数秒から数分の間にポジションを取ってはすぐに決済するという、高頻度の取引を繰り返します。このタイプのEAは、「スプレッド」の影響を受けやすいため、スプレッドの小さい通貨ペアや低コストの取引環境での運用が必須です。また、素早く利益を確定する戦略をとるため、損切りが大きくならないようリスク管理が非常に重要です。

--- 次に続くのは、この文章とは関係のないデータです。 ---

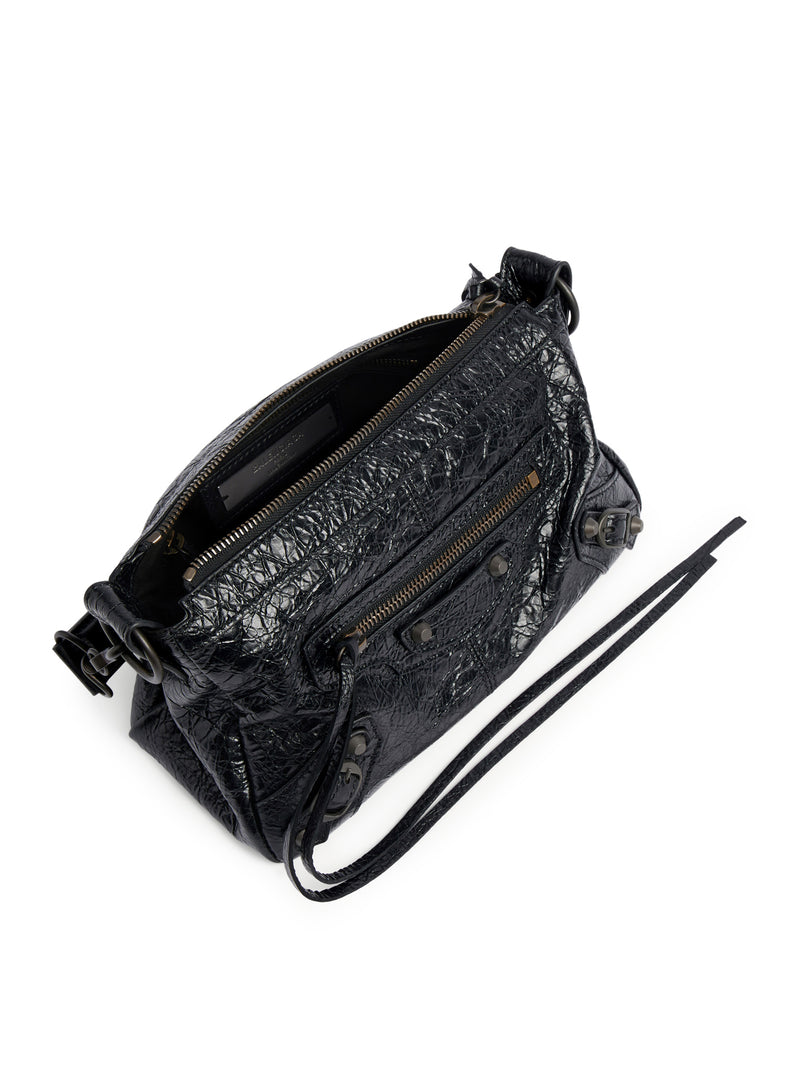 THE CITY MOTO MINI IN BLACK ARENA LAMBSKIN WITH BRASS FINISHINGS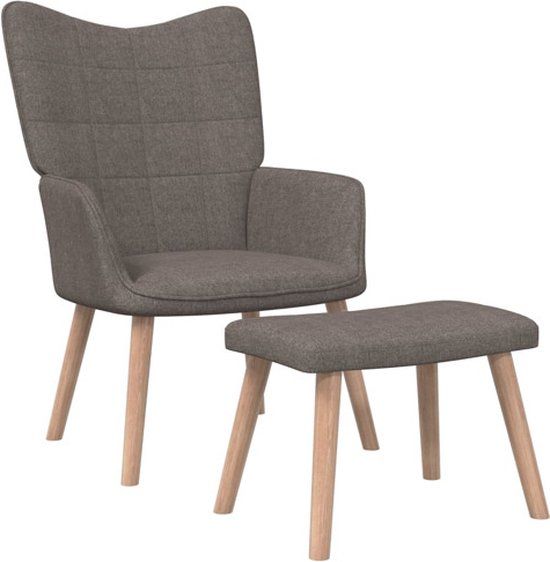 vidaXL Relaxstoel met voetenbank stof taupe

短期系のテクニカルEAは、「数分から数時間」のスパンでポジションを持つEAです。
その中でも、トレンドフォローやブレイクアウト、逆張り手法など多くのロジックが存在します。短期系のEAは、スキャル系に比べて取引頻度は低いものの、マーケットのトレンドをしっかりと捉えることで安定した利益が狙えます。このタイプのEAは、市場の流れに敏感に反応するインジケーターを活用することが多いです。
長期系のテクニカルEAは、数日から数ヶ月、さらにはそれ以上の期間にわたってポジションを保持します。
長期的なトレンドに基づいてポジションを構築し、相場の大きな流れを捉えて利益を狙います。このタイプのEAは、経済指標などの急激な市場変動に影響されにくいため、安定した運用できます。ただし、スワップがマイナスの通貨では常にコストが発生するので注意が必要です。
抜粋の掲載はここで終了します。